* _YOUR GOAL_
Extract each line of the material that follows exactly and omit its pictures.

* _INFORMATION SUPPLIED_
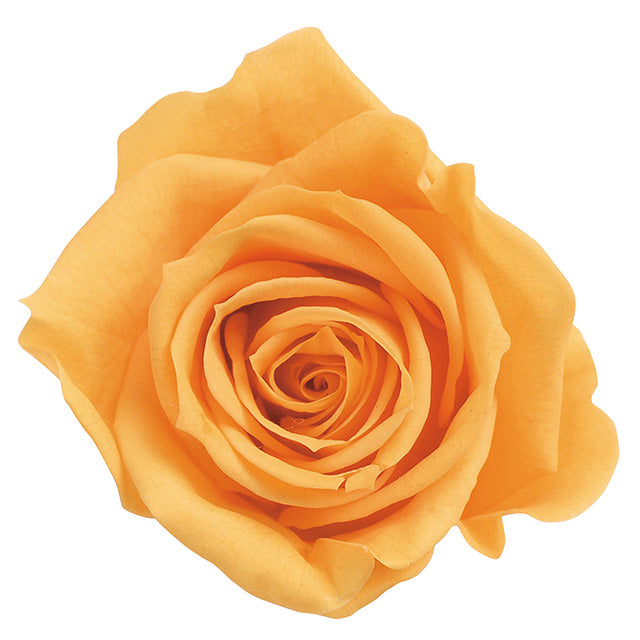 【プリザ】03840-351 ローズ・ミミ フルーティオレンジ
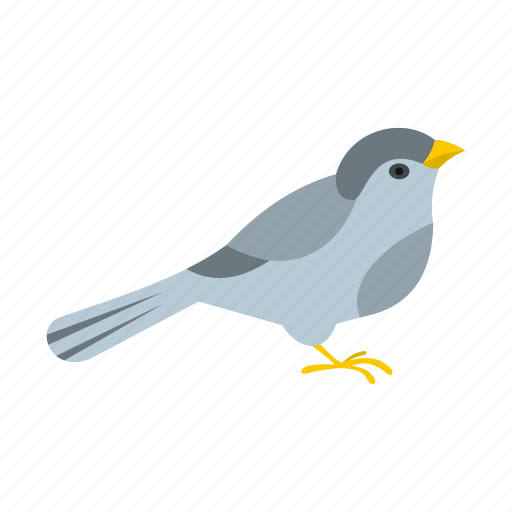 Bird, birdie, cheerful, cute, fauna, nestling, wing icon - Download on Iconfinder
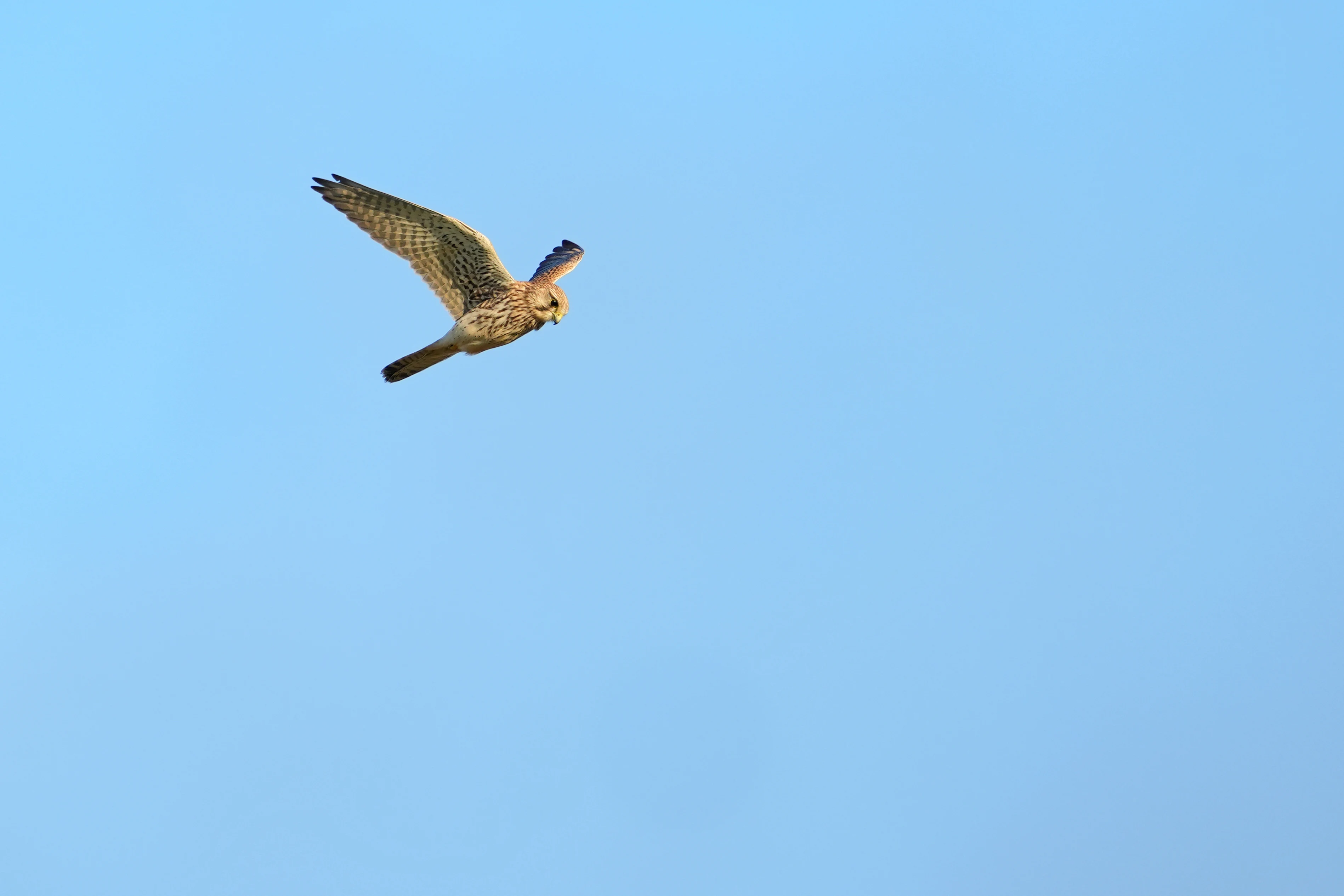 Kestrel, Berkshire Downs, Berkshire, UK — photo by Jim Bennett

* _REPLY TO THE EXERCISE_
 【プリザ】03840-351 ローズ・ミミ フルーティオレンジ
 Bird, birdie, cheerful, cute, fauna, nestling, wing icon - Download on Iconfinder
 Kestrel, Berkshire Downs, Berkshire, UK — photo by Jim Bennett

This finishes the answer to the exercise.